( Read more... )
( Read more... )
Optimal angular resolution for face-symmetric drawings (with Kevin Wortman). In this paper, we consider drawings of planar partial cubes in which all interior faces are centrally symmetric convex polygons, as in my previous paper Algorithms for Drawing Media from Graph Drawing 2004. Among all drawings of this type, we show how to find the one with optimal angular resolution. The specific motivation was to improve the drawing I showed in this post to be more legible, so that it could be used in my recent paper on squaregraphs with Bandelt and Chepoi. The solution involves the parametric negative cycle detection problem: given a graph in which the edge weights are linear functions of a parameter λ, find the minimum value of λ for which the graph contains no negative cycles.

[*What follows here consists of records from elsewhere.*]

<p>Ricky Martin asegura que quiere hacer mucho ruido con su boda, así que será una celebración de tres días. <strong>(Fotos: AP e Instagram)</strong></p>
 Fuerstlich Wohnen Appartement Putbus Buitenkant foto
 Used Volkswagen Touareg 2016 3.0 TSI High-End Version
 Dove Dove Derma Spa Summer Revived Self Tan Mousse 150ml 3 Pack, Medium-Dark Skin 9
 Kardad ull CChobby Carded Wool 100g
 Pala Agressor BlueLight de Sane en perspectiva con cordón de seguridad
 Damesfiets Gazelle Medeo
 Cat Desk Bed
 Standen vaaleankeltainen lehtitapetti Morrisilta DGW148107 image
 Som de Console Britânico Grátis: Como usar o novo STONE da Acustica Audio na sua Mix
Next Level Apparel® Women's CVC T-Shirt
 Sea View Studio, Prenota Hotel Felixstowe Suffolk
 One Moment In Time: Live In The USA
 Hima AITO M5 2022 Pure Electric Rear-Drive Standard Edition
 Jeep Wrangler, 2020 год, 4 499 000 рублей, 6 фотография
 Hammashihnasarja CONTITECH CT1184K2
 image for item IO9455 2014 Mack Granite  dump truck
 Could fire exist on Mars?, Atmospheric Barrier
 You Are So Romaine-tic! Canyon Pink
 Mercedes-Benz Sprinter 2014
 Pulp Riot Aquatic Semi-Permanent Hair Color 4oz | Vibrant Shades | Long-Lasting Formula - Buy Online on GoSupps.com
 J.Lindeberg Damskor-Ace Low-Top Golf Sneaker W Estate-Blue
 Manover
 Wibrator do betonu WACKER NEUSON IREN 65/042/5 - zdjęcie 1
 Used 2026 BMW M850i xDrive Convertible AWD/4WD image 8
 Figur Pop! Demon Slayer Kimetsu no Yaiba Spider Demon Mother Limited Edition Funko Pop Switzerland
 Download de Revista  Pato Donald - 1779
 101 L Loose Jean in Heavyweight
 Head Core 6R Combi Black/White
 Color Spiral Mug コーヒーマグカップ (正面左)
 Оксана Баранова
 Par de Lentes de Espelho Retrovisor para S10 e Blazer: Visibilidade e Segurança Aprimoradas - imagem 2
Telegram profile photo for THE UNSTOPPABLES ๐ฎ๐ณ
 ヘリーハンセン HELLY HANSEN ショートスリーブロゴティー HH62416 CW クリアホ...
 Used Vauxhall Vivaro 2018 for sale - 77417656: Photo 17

However, unlike my work with Kevin on metric embedding, the parametric graph coming from this problem falls into a special case solved by known algorithms, so we didn't need to invent a new cycle detection algorithm. We're preparing a version of this for journal publication, but the current version doesn't yet have all of the referee's requested revisions incorporated, because I wanted to have a version of this available in order to cite it from the next one:
Graph-theoretic solutions to computational geometry problems. A survey on situations in which geometric problems that are stated without reference to any graph can be solved efficiently by defining some auxiliary graph from the input and performing some graph-theoretic algorithm. For instance, the problem of partitioning a polygon with axis-parallel sides into as few rectangles as possible may be solved in polynomial time by constructing the bipartite intersection graph of its axis-aligned diagonals and finding a maximum matching in this graph. Essentially, this is a paper version of my talk from WG, and I wrote it backwards from the way I usually write papers and talks: usually I write a paper, then later (after it is accepted to a conference) write slides based on that paper, and deliver a talk based on those slides. But this time, I had no paper written when I needed the slides and a talk, so I worked out how to organize the material as part of the process of making slides and giving the talk, and reused the same organization for the paper itself. I used to write survey papers regularly, but lately I've tended to focus that energy on my Wikipedia editing, so it was refreshing to write something like this and not feel constrained to avoid including original research (such as the claim that kinggraphs are 4-chromatic) or original syntheses of existing ideas (the overall point of the survey).
( Read more... )
( Read more... )
A preprint I recently wrote on this subject with Sergio Cabello and Sandi Klavžar just came out on the arXiv (it's been on the IMFM preprint server for a little longer — if you're interested in graph theory, do check this link out, as it has over 1000 other papers, many of them on graphs). The idea is to investigate the lengths of the bitstrings needed to label a given graph so that graph distance equals Hamming distance and so that no label contains two consecutive ones. That is, we wish to embed graphs isometrically into Fibonacci cubes of minimum dimension. The problem turns out to be NP-hard — it is related to a version of the traveling salesman problem — but can solved exactly in some cases, such as 2d grid graphs. There are also some pretty good approximation algorithms, one of them based on lattice dimension, another based on the xkcd algorithm for traveling salesmen.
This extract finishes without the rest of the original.